What is being asked: Retype exactly the lines from the one that contains "Oranřová růže PATZ 60cm (M)" through the end of the listing, both included, but not the pictures.

Data excerpt:
══════

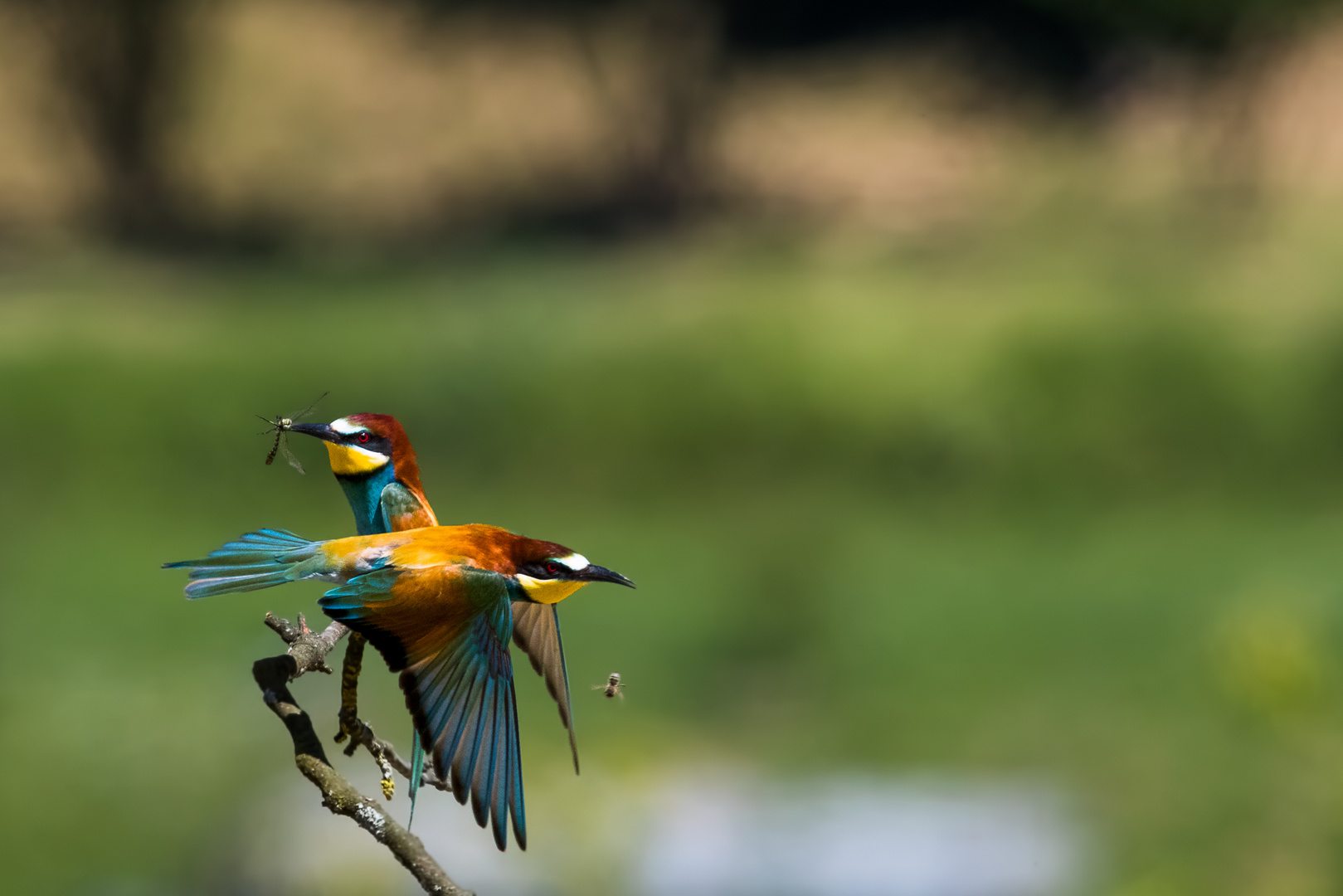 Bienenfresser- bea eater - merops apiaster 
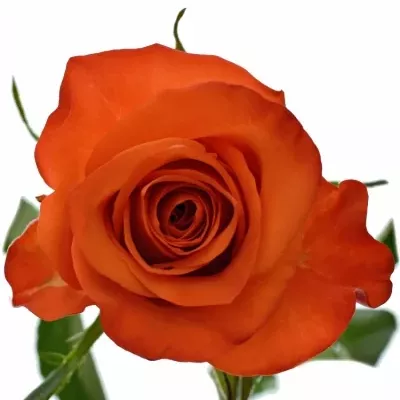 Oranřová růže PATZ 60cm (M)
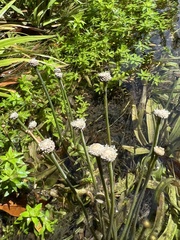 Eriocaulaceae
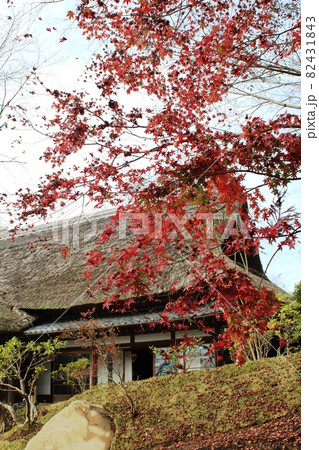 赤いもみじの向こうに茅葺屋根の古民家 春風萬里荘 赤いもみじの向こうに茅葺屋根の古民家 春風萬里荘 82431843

══════

Answer to this task:
 Oranřová růže PATZ 60cm (M)
 Eriocaulaceae
 赤いもみじの向こうに茅葺屋根の古民家 春風萬里荘 赤いもみじの向こうに茅葺屋根の古民家 春風萬里荘 82431843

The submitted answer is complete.